Mississippi legislators voted on Sunday to remove the Confederate emblem from the state flag, a historical win following the repeated deaths of Black civilians at the hands of state sanctioned violence.
The vote passed 91-23 in the House and 37-14 in the Senate, according to CBS News. It will now go to Governor Tate Reeves who will sign it into state law, as expected from an announcement he made on Saturday.

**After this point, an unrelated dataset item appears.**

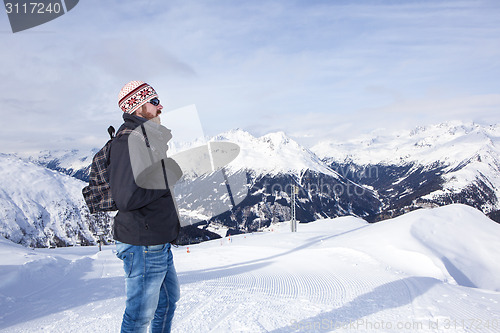 Image of Young man enjoys the view in the mountains
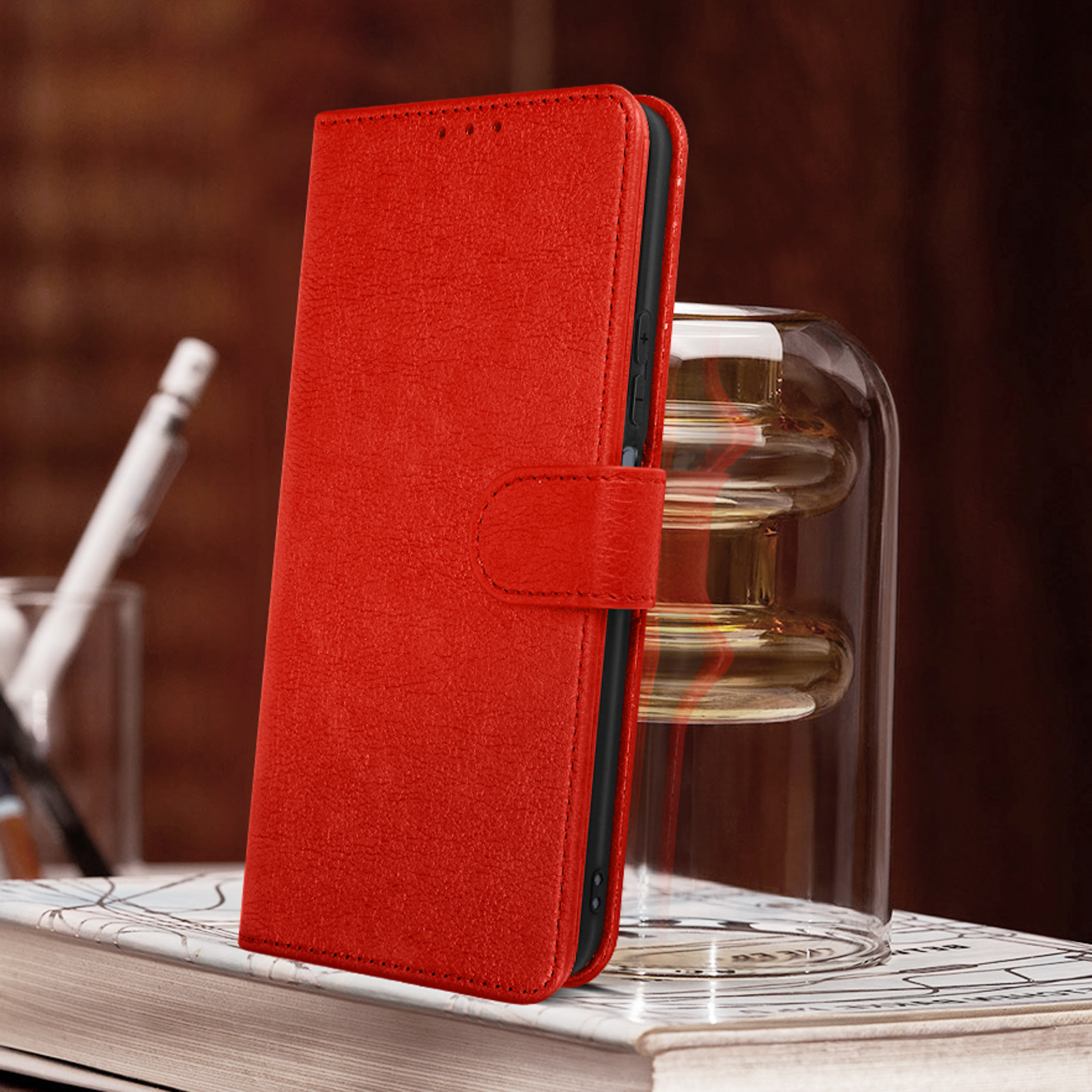 Custodia per telefono rossa, chiusa, su un libro. Vaso di vetro e penna sullo sfondo, sfocati.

Residents are slated to vote on a new flag in the upcoming November elections.
Mississippians have moved towards enlightened thought—a poll from Thursday showed that 55 percent of residents supported the move, upwards from previous sentiment which overwhelmingly supported the flag’s existence.
The move reverses Mississippi holding the dishonor of being the only state with the emblem on the flag.
“I can’t believe it. I am so emotional,” said Myrlie Evers the widow of slain civil rights leader Medgar Evers said according to the Mississippi Center For Investigative Reporting. “Medgar’s wings must be clapping.”
“I never thought this would happen,” she continued. “For the people who hold the palm of Mississippi in their hands, for their wisdom and their strength, for them to vote the way they did is all but unbelievable to me, but I am ever so thankful for that vote.”
On the local level, Mayor Johnny Mage of Laurel, Mississippi, cried openly as he signed an executive order to remove the state flag from all city-owned buildings. ate’s long-standing, divisive flag from all city-owned buildings.
“I don’t apologize for being emotional,” Magee said during the signing according to WLOX. “I have lived through some things with this flag and as they told Dr. King to wait — time for waiting is over.”
“There comes a point in time in the annals of history when it becomes necessary to redefine who a people are, and what a collection of these people represent,” Magee said. “It is the opinion of the mayor of this city that now is such a time.”